Testimonios ocultos comenzaron a surgir. Una compañera de trabajo de Isabel confesó haberla visto con moretones en los brazos. El hermano de Rodrigo admitió que su hermano bebía más de la cuenta y se había vuelto celoso. Incluso la mujer que limpiaba su casa recordaba haber encontrado a Isabel encerrada en el baño, llorando, con marcas en el cuello.
La búsqueda se extendió por los campos de alrededor, por los ríos y las colinas, pero no hubo rastro de ellos.
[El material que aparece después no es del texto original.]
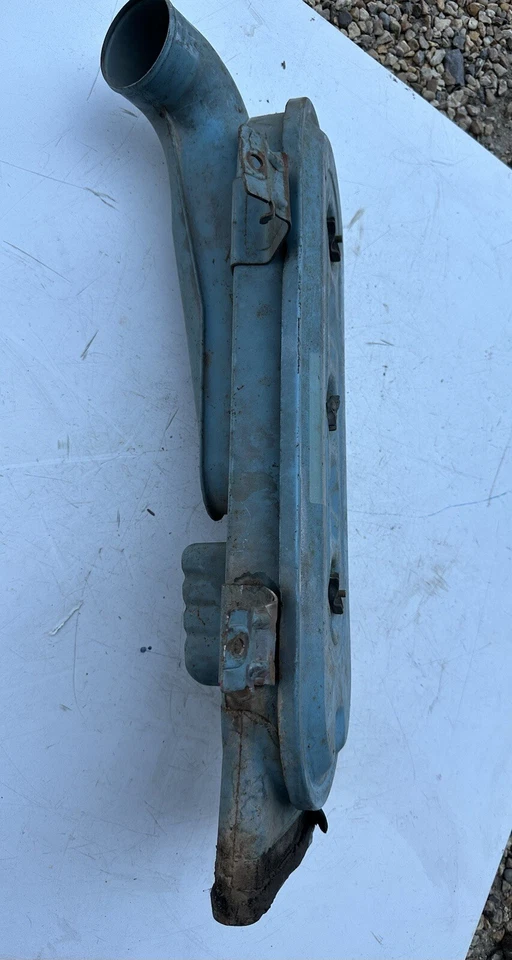 Filtro de aire Datsun 280ZX. Caja de aire. Carcasa limpiador de aire. Foto 3 de 4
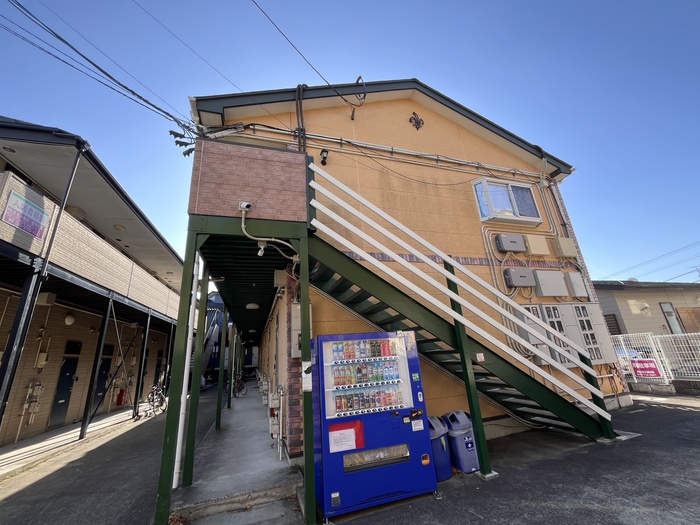 エクレール千代田町A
Hasta que, en 2010, un grupo de biólogos que estudiaba aves en los humedales de las afueras del pueblo hizo un descubrimiento macabro: unos restos humanos envueltos en plásticos viejos, enterrados en el barro.
Los análisis confirmaron que eran los cuerpos de Rodrigo e Isabel, junto a los de un tercer hombre: David López, un profesor de gimnasia del colegio que había desaparecido poco después que ellos. Las heridas en los huesos sugerían una muerte violenta. No era un crimen pasional, como se creyó al principio, sino algo peor: un asesino que había cazado a la pareja y a su supuesto amante, convencido de que estaba haciendo justicia.
Años después, se descubrió que un hombre obsesionado con el adulterio había estado preguntando por ellos meses antes. Un antiguo militar con ideas retorcidas había seguido su rastro, los había matado y enterrado en ese pantano remoto. Murió en un psiquiátrico sin ser juzgado, pero al menos las familias supieron la verdad.
La historia de Rodrigo e Isabel se convirtió en una lección sobre los peligros del fanatismo y la importancia de no juzgar sin conocer. A veces, las peores tragedias no vienen de los extraños, sino de quienes creen tener razón. Y aunque la justicia tarde, al final, la verdad siempre encuentra su camino.